▸ **WHAT TO PRODUCE**:
Look below for the line containing "Strictly Briks Compatible" and the line containing "Серьги-гвоздики с цветком EJEW-TA00637", then set down both and every line between them exactly, without pictures.

▸ **INPUT FOR THIS TASK**:
::::::::

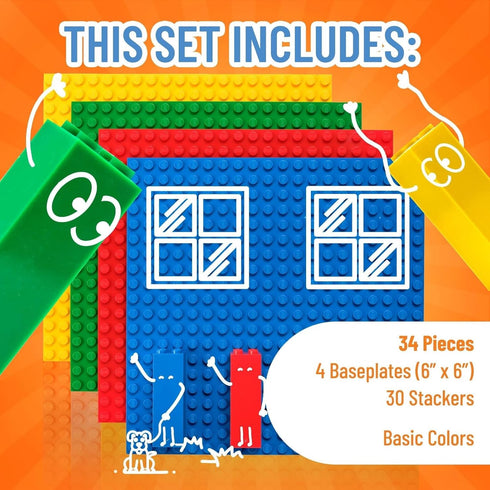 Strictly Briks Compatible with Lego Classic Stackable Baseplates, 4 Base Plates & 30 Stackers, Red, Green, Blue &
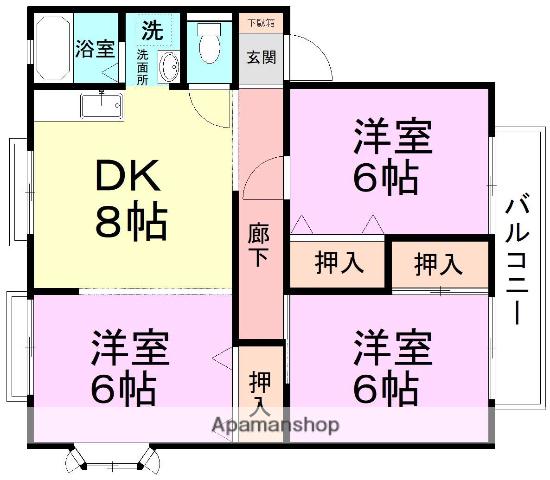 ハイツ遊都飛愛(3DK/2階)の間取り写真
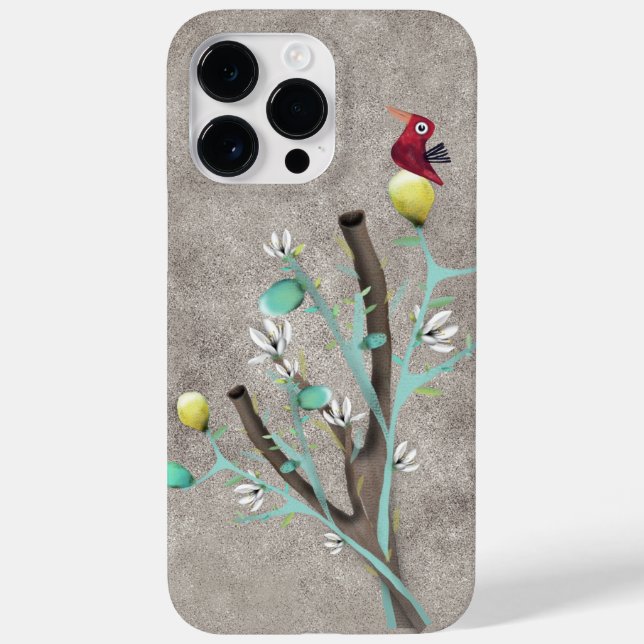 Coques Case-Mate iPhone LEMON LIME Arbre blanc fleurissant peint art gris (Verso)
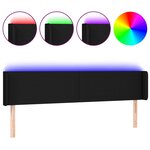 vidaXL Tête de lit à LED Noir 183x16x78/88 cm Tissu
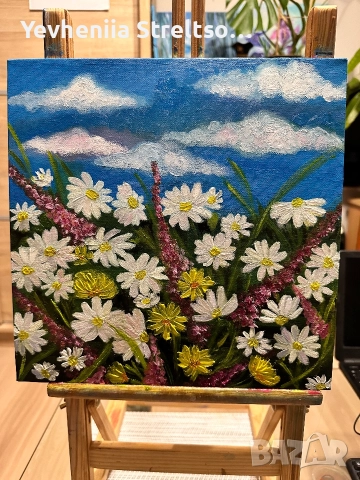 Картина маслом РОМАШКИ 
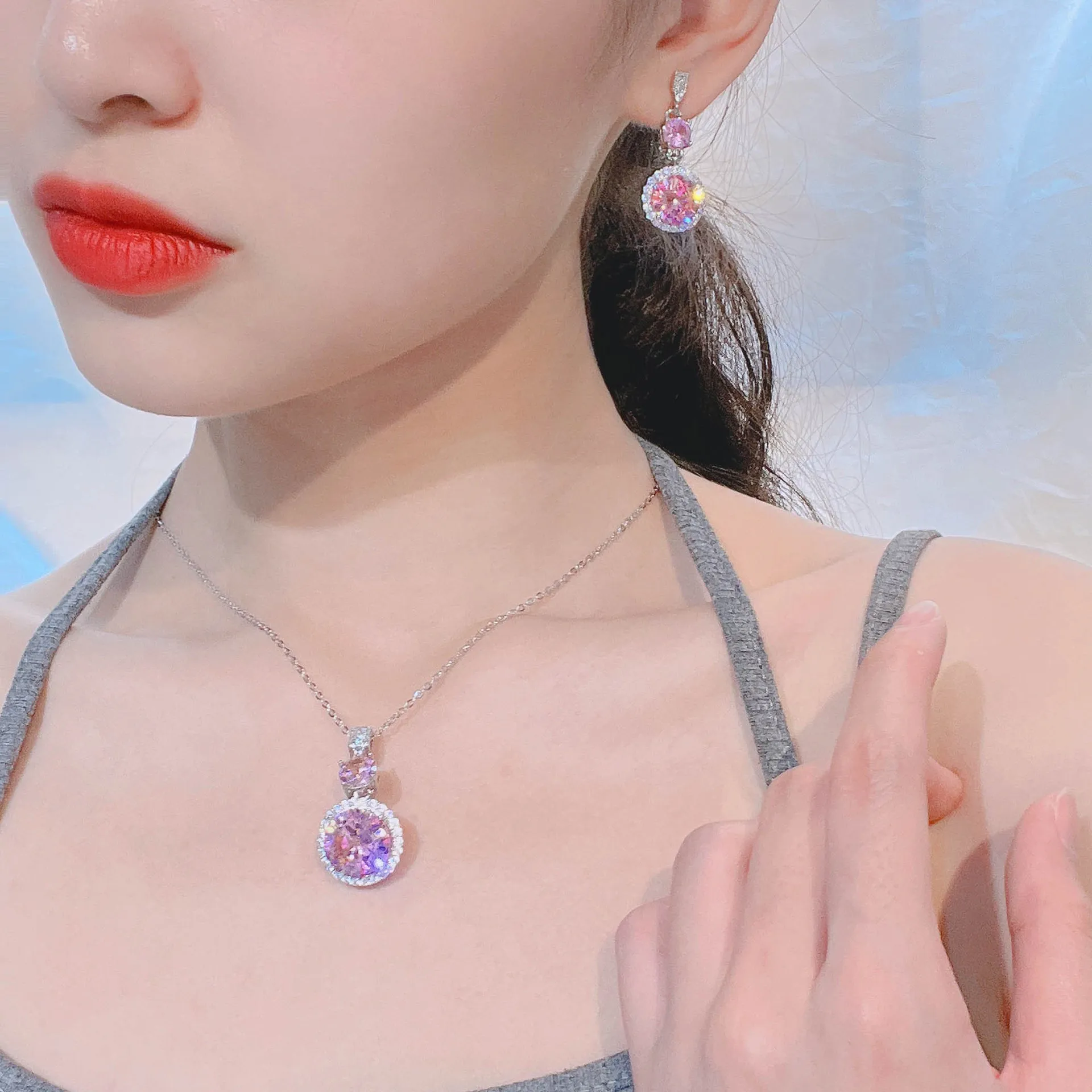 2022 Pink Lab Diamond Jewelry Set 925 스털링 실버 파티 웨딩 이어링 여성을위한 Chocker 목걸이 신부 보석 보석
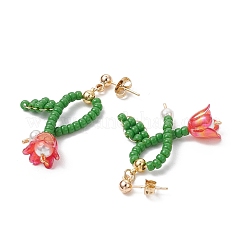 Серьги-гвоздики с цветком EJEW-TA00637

::::::::

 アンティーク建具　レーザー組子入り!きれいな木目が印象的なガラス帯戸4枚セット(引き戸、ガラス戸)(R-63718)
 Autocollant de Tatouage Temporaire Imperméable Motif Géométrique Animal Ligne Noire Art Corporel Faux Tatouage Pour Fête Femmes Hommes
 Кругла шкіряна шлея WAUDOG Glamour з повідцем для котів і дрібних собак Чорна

::::::::

▸ **OUTPUT FOR THIS TASK**:
 Strictly Briks Compatible with Lego Classic Stackable Baseplates, 4 Base Plates & 30 Stackers, Red, Green, Blue &
 ハイツ遊都飛愛(3DK/2階)の間取り写真
 Coques Case-Mate iPhone LEMON LIME Arbre blanc fleurissant peint art gris (Verso)
 vidaXL Tête de lit à LED Noir 183x16x78/88 cm Tissu
 Картина маслом РОМАШКИ 
 2022 Pink Lab Diamond Jewelry Set 925 스털링 실버 파티 웨딩 이어링 여성을위한 Chocker 목걸이 신부 보석 보석
 Серьги-гвоздики с цветком EJEW-TA00637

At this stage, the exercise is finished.